───── Available data ─────
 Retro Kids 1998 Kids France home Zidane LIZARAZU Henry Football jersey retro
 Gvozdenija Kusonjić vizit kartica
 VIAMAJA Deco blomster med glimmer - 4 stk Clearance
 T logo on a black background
─────
───── Available data ─────
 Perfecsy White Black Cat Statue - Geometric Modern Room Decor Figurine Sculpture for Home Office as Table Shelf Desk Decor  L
─────
__Exercise goal__. The required output is the stretch of entries above from the line containing "VIAMAJA Deco blomster" through the line containing "T logo on a black background", reproduced exactly.

__Exercise answer__.
 VIAMAJA Deco blomster med glimmer - 4 stk Clearance
 T logo on a black background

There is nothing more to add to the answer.